AFI IDA Homebuyers Less Prone to Foreclosure, Predatory Loans
We know all too well that many low- and-middle income homebuyers fall victim to mortgages with unreasonably high interest rates. The homebuyers risk losing their homes to foreclosure, which strips owners of hard-earned investments. Forclosure can also devastate a community, leaving behind vacant houses that drag down property values for surrounding homes and drain tax dollars from cash-strapped local governments. Strategies that promote homeownership and deter foreclosure, such as Individual Development Accounts (IDAs), can break this cycle.
Weathering the Storm: Have IDAs Helped Low-Income Homebuyers Avoid Foreclosure?, a study by CFED and the Urban Institute, reports on the relationship between AFI IDA participation, loan terms, and homeownership success, as measured by foreclosure rates.
The participating AFI grantees included:
The researchers tracked 831 homebuyers in 17 states who had purchased homes using IDAs between 1999 and 2007. They researchers compared the participants’ mortgage interest rates and foreclosure rates to other low-income homebuyers who purchased homes in the same communities over the same time period.
The research findings are that IDA homebuyers were two to three times less likely to lose their homes to foreclosure. Compared to 20 percent of the broader sample, only 1.5 percent of IDA homebuyers obtained high-interest mortgage rates. These findings are consistent with the hypothesis that the bundle of services and features of IDA programs (such as matched savings, financial and homebuyer education, and oversight of or guidance regarding loan products) enable families to obtain affordable mortgages and experience successful and sustainable homeownership outcomes.
The matched savings component of IDAs is influential in enabling accountholders to make larger down payments on home purchases than they would without an IDA. This is particularly noteworthy because of the far-reaching effects an initial down payment can have on building assets through homeownership. IDA accountholders can obtain more initial equity when purchasing their homes. This can result in more affordable loan terms. The financial education component of AFI projects generally covers topics related to credit building and repair. AFI grantees that focus on homeownership may also require homebuyer counseling, which generally cover the steps involved in purchasing a home and qualifying for a loan. These educational pieces help reinforce savings behavior and provide accountholders with the crucial information and guidance for navigating home purchasing and obtaining loans.

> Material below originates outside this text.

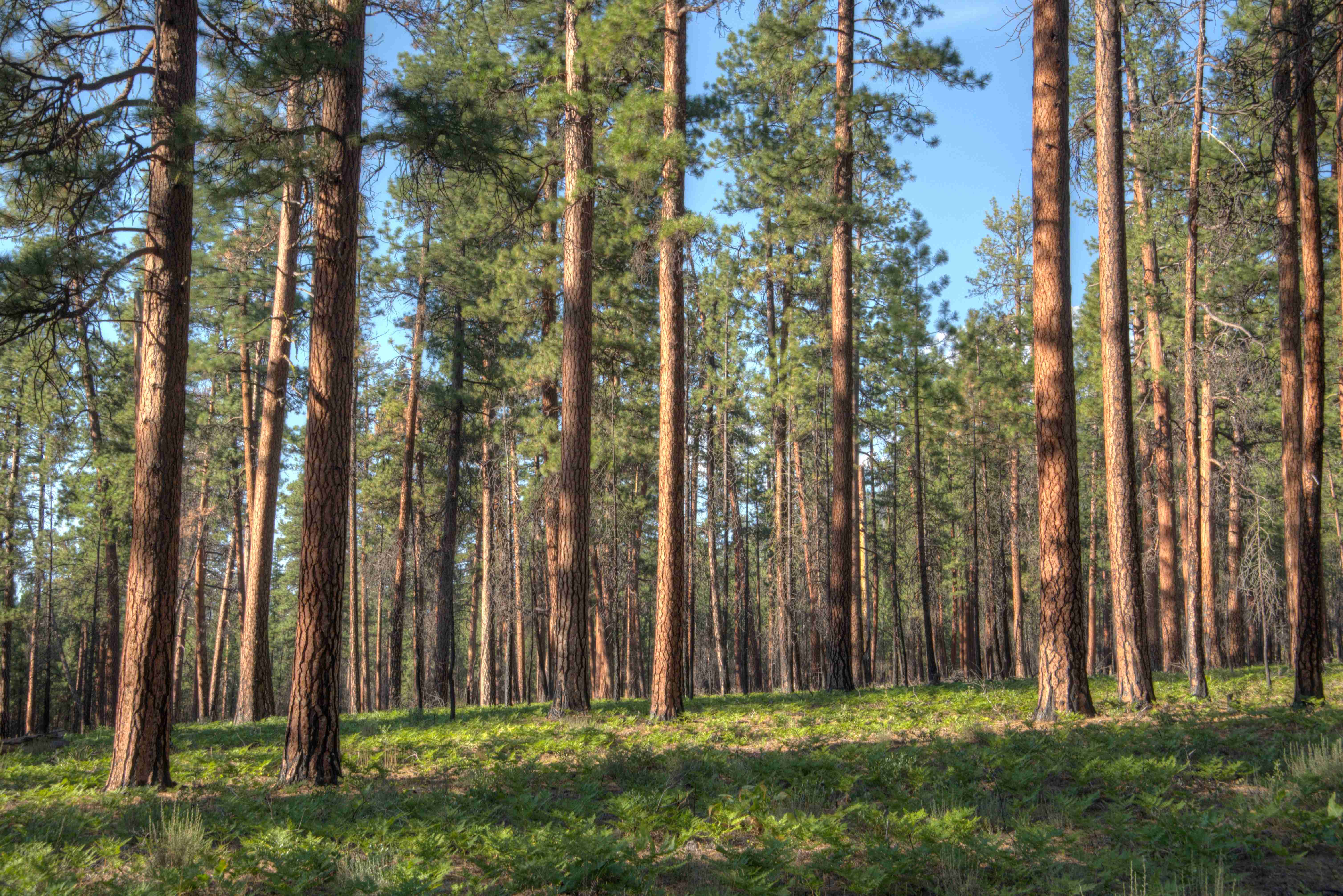 healthy ponderosa forest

Amy Kennedy, of AFI grantee La Casa of Goshen, says the financial education component truly empowers accountholders during the home purchasing process, helping them to thoroughly understand the entire process and all of the players involved. It “teaches them to be in the driver’s seat,” she says.
Robert Schordock, Executive Director of WECO Fund in Cleveland, another AFI grantee, emphasizes that through financial education, his organization teaches IDA accountholders to understand all the steps in buying a home and to also “look beyond the closing date, 2–3 years into the future,” in order to fully understand what it means to own a home. Schordock says understanding the expenses that come with homeownership (such as utilities, property taxes) contributes to IDA homebuyers’ ability to make informed decisions during the home purchase process and afterward.

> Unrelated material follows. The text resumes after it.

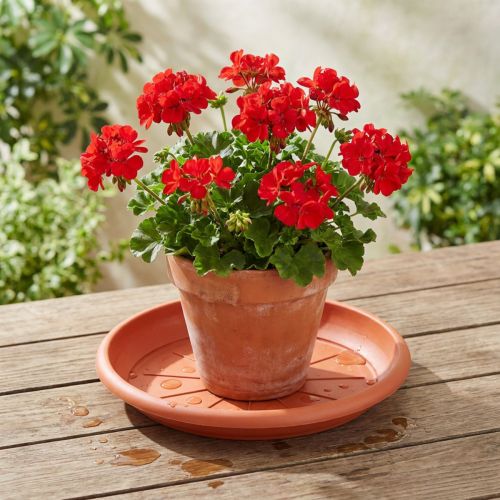 Soucoupe ronde en plastique terracotta Ø33cm | Floristik24.fr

AFI grantees monitor specific aspects of how the IDA matching funds are used specifically in regard to the loan types and terms. As witnessed through the six AFI-funded IDA projects studied, some projects have explicit restrictions on what types of loans and other conditions (e.g., fees, housing price and location) will be accepted when using IDA savings to purchase a home. This is to ensure that the loan terms and other related conditions are affordable and not predatory. Other programs help the accountholders identity lenders and homeownership assistance programs and products that present wise and affordable options for them. Furthermore, IDA programs require accountholders to have their loan terms reviewed and approved by staff. This provides an important additional layer of oversight, which can contribute to accountholders purchasing loans with affordable terms and making them less prone to foreclosure.
The study provides a compelling contribution to research that is highlighting a positive relationship between IDA programs and homeownership success. The specific financial, educational, and monitoring components offered by AFI-funded IDA projects enable IDA accountholders to make well-informed decisions throughout the home purchasing process and, as a result, lead them toward building wealth.